How to decode .wasm files manually

This guide answers one task: take a raw .wasm file, dump its bytes with xxd, and parse the 8-byte header plus one section and one LEB128 value entirely by hand — no wasm2wat, no decompiler — so you can audit binaries whose tooling metadata has been stripped.

Prerequisites

  • [ ] xxd (ships with vim) or hexdump for the raw dump
  • [ ] wabt ≥ 1.0.34 for cross-checking with wasm-objdump -h at the end
  • [ ] A small .wasm to decode — assemble one with wat2wasm add.wat -o add.wasm
  • [ ] The section and LEB128 reference open for the section-ID table

Step-by-step procedure

  1. Assemble a known module so you can check your work. A two-parameter adder is the smallest module with a non-trivial Type section.

    (module
      (memory (export "mem") 1)
      (func (export "add") (param $a i32) (param $b i32) (result i32)
        (i32.add (local.get $a) (local.get $b))))
    wat2wasm add.wat -o add.wasm
  2. Dump the bytes with fixed columns. One byte per group, sixteen per row, so the offsets in the left gutter map cleanly onto the spec.

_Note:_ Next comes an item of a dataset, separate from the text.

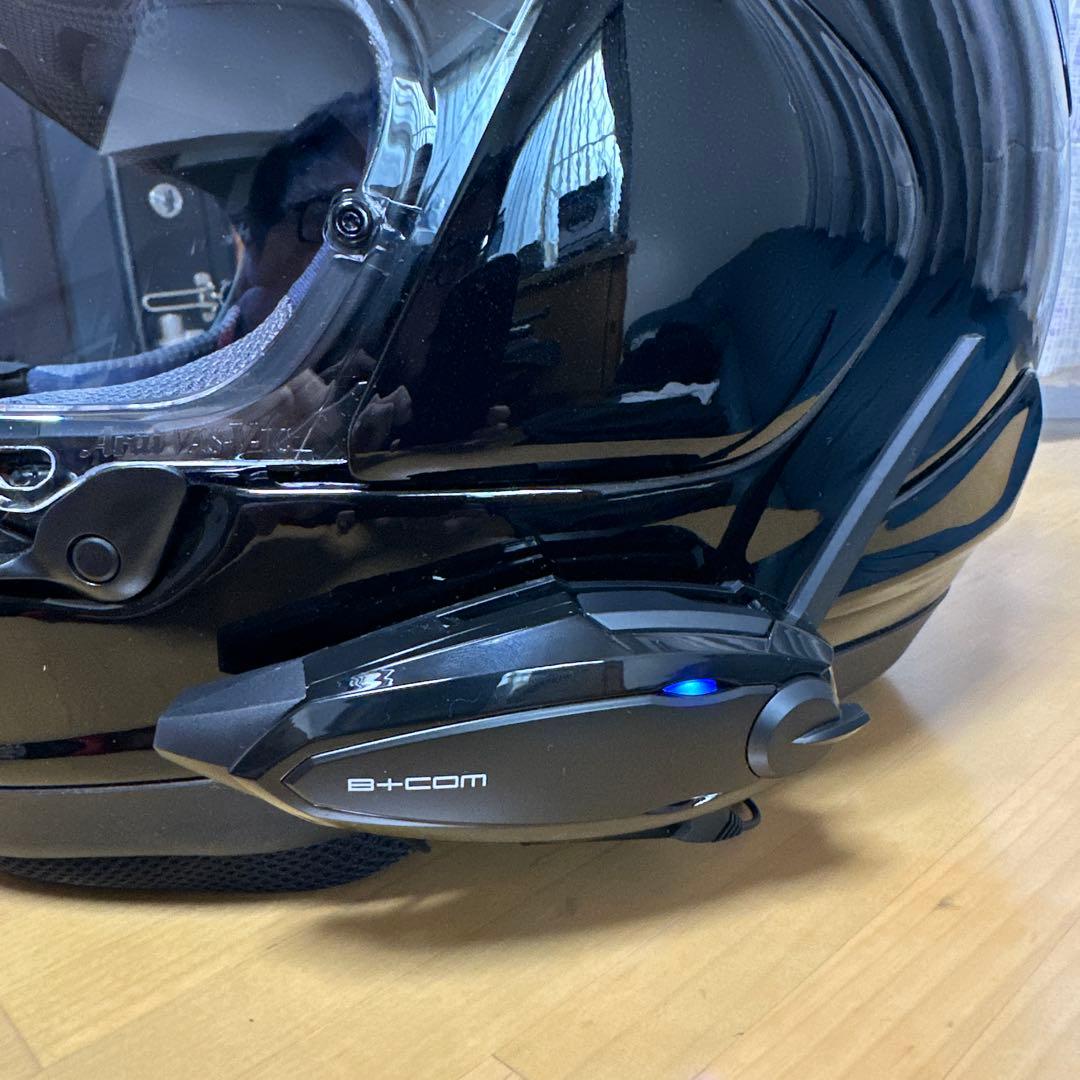 Arai RX-7 フルフェイスヘルメット、B＋COM 6XR インカム　セット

    xxd -g 1 -c 16 add.wasm
  3. Validate the 8-byte header. Offsets 0x000x03 must be 00 61 73 6d (\0asm); offsets 0x040x07 must be 01 00 00 00 (version 1, little-endian). If either differs, stop — the file is not a valid module (or is compressed).

  4. Read the first section’s ID and LEB128 length. The byte at offset 0x08 is the section ID; the next byte (or bytes) is the LEB128-encoded payload length. For a small module the length fits in a single byte.

  5. Decode the LEB128 length by hand. Mask the byte with 0x7F; if its high bit (0x80) is clear, that is the whole value. A length byte of 07 has its high bit clear, so the payload is exactly 7 bytes — the next section ID sits at offset 0x08 + 2 + 7 = 0x11.

  6. Parse one value type inside the section. Step into the Type section payload and read the function-type tag 60, the param count, and the value-type bytes — 7f is i32, 7e is i64, 7d is f32, 7c is f64.

  7. Cross-check against the toolchain. Confirm your hand-decoded offsets and lengths with wasm-objdump -h.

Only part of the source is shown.